For some irksome reason, the old philosophical question about the Ship of Theseus has come to new life as a business cliché. Type “Ship of Theseus and business” into your favorite search engine, and you’ll find numberless (yawn… whoops, sorry… started to drift off there) articles about organizations as Ships of Theseus.
If you’re so lucky that you haven’t run into this cliché, it asks whether at the end of hundreds of years of maintenance and restoration—in which every part of a ship has eventually been replaced—a ship is still the same ship? Answer: who cares outside of Philosophy Departments? It’s a dull thought experiment about the persistence of identity across time.
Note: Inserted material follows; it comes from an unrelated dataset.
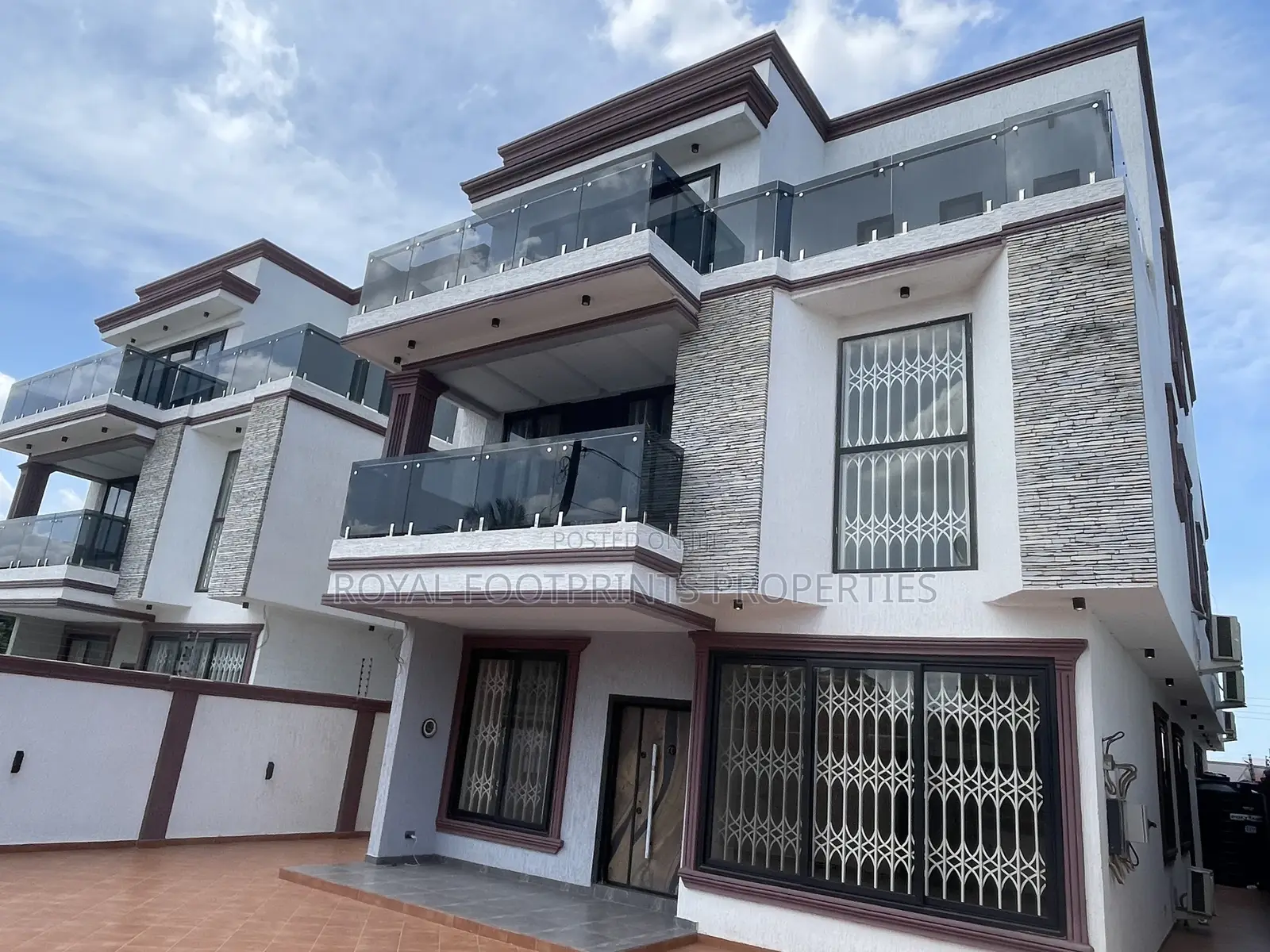 5bdrm House in Luxelooks Properties, East Legon for sale in East Legon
I’m of a sufficient age that Thanksgiving now has as many absences as presences. The Berens Family has had a rough handful of years marked by the deaths of my cousin Meredith’s father Larry, the death of Sandy (the mother of my cousins Steffi, David, Michael, Lilly, and Scott), the death of my brother Evan, and just two weeks ago the death of Russ, my father’s brother and father to the cousins who lost Sandy less than two years ago.
Although there was a somber cast to the gathering at David and Meredith’s this year, seeing family meant even more than usual. We avoided political conversation because as many of us were satisfied with the results of the recent election as were disappointed. Instead, we focused on what brought us together.
It was also a joy to see the next generation at the so-called kids’ table. Most of them are young adults now, ranging from 19 to 24, having spirited and obscure conversations of their own. We also had Scott’s much younger children (aged five and two), hanging closer to their grownups.
There’s no question that this is still the Berens Family, even though the cast of characters keeps changing. Family identity across time requires just two things: co-presence and attention. It’s a muscle that you have to exercise, not a thing like a ship that you repair.